NgRx 8のエフェクトについて最後に一言。これまでは、開発者がエフェクト内のエラー処理を忘れているか、適切に処理していないかのどちらかだと考えられていました。この問題を緩和するために、これからはエフェクトが自動的にエラー時に(完了するのでなく)サブスクライブし直し、ディスパッチされるアクションを待機し続けます。これはとても便利ですが、もしも動作が変になり始めたら無効にすることもできます。
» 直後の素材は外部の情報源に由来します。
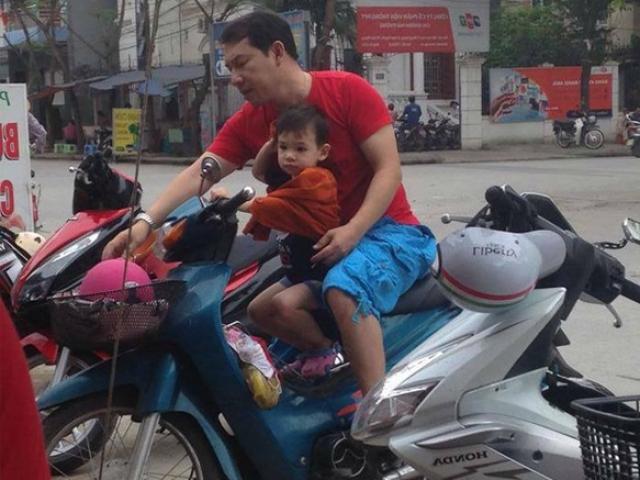 ”Táo kinh tế” chở con trai trên xe máy cà tàng khiến người hâm mộ bất ngờ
その場合は{ resubscribeOnError: false }createEffect関数の2番目の引数としてパスするだけです。

他の2つの例と同様に、アプリケーションにエフェクトの新しいスタイルを追加するschematicがあるのでご覧ください。

ng generate @ngrx/schematics:effect myNewEffect --creators

このコマンドは、createEffectをインポートしてInjectableデコレータでマークされたクラスを作成する、my-new-effect.effects.tsという新しいファイルを生成します。

ついでに:"NgRxは不要"なときでも認証が必要になる場合があります

今日のアプリケーションでは、ユーザープロファイル情報を保持して認証と認可を処理するために、何らかのアイデンティティ管理が必要となることがほとんどです。NgRxアプリケーションでアイデンティティ管理戦略を実装する場合、バージョン8で構文の一部が変更されたものの、その中核をなす原理に変わりはありません。ログインとログアウトにはアクションを、認証サービスの呼び出しにはエフェクトを使用する一方で、ログインのステータスやプロファイル属性などの状態の変更はリデューサによって処理します。

この詳細については、NgRx認証チュートリアルに書いておきました。ぜひにアクセスして無料のAuth0アカウントにご登録ください。チュートリアルを使ってすぐに作業を始められるようになります。

Auth0の軽量かつユニバーサルなログインモーダル画面

ところで、バージョン8の新ヘルパー機能を使用してみた感想をぜひお聞きかせください。いつでもコミュニティフォーラムにてご連絡ください。

終わりに

皆さんはどうか分かりませんが、私はNgRx 8にとても満足しています。このチームは、素晴らしいソフトウェアを作り、phenomenal docsの書き込みも行っているボランティアの集まりです。このバージョンには改良点がたくさん盛り込まれています。将来は明るいですね。皆さんも実際に試してみて、ぜひ感想をお聞かせください!